* [Exercise] It is required that the lines from the top of the listing through the line with "What's happening here" be reproduced exactly, excluding pictures.

* [Information shown]
——
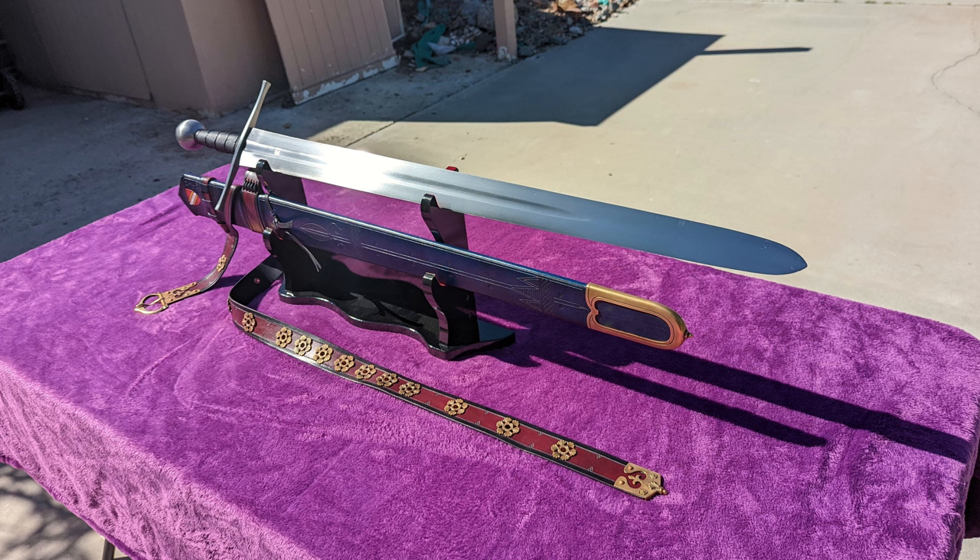What that boils down to is that this sword has the bones to be one of the most faithful reproductions of a historical sword available on the production market.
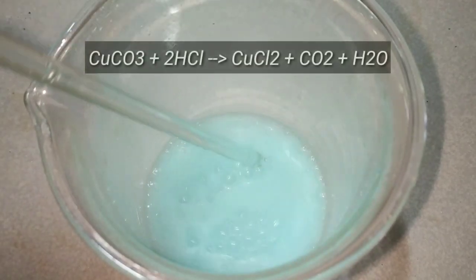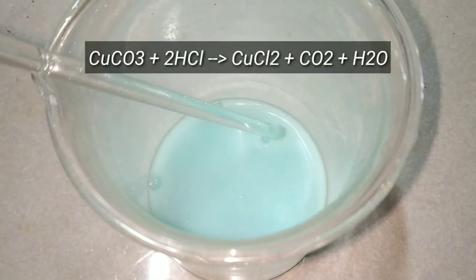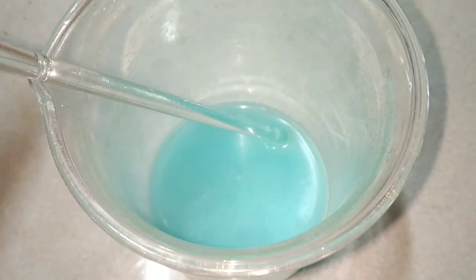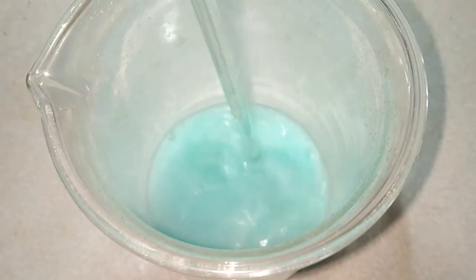What's happening here is copper carbonate reacts with two molecules of hydrochloric acid to form copper 2 chloride, carbon dioxide gas, and water.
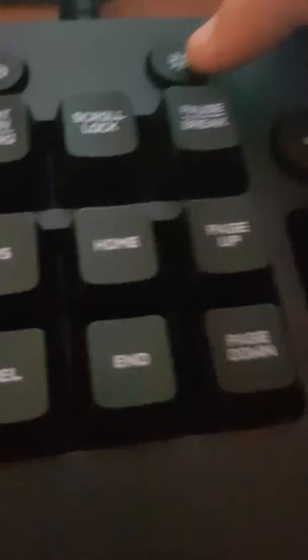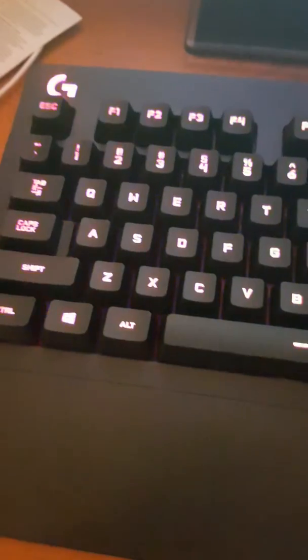Now for the keyboard — when you get it out of the box and you're like 'where's the light?' Once you plug it in, this button here turns on the light. I think this will be better with the light turned off, give me a second.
——
* [Response]
What that boils down to is that this sword has the bones to be one of the most faithful reproductions of a historical sword available on the production market.
What's happening here is copper carbonate reacts with two molecules of hydrochloric acid to form copper 2 chloride, carbon dioxide gas, and water.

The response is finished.